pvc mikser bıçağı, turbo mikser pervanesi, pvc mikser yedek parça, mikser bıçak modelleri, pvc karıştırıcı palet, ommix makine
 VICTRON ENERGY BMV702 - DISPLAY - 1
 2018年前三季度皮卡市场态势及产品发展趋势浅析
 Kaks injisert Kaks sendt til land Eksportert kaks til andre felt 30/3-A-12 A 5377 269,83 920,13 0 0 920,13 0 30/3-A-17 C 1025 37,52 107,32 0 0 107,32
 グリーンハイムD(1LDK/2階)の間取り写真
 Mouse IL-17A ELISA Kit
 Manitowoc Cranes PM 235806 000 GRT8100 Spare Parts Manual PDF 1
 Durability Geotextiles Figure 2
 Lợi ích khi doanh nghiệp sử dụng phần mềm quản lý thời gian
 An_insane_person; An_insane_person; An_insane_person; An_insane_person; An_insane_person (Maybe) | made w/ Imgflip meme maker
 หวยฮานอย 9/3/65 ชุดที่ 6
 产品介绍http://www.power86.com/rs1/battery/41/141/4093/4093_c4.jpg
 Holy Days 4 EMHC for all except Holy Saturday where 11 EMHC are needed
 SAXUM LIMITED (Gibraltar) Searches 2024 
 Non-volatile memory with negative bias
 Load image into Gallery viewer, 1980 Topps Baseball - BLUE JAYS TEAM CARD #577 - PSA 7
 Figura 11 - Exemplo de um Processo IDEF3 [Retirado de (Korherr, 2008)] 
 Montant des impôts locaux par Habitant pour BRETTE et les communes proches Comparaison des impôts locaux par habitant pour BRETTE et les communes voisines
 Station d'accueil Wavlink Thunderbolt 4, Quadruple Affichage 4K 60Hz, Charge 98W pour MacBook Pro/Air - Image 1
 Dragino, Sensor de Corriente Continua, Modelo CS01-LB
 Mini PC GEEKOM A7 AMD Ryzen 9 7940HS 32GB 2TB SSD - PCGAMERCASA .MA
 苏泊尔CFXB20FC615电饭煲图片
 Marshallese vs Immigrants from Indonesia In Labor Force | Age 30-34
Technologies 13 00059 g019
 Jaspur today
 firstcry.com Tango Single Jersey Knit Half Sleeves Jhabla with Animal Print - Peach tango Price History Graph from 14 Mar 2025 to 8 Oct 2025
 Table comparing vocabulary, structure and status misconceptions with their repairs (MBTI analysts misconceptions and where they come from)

______

Work item:
In which lines of the records does the word "where" appear? Copy each of them.

Task solution:
 Holy Days 4 EMHC for all except Holy Saturday where 11 EMHC are needed
 Table comparing vocabulary, structure and status misconceptions with their repairs (MBTI analysts misconceptions and where they come from)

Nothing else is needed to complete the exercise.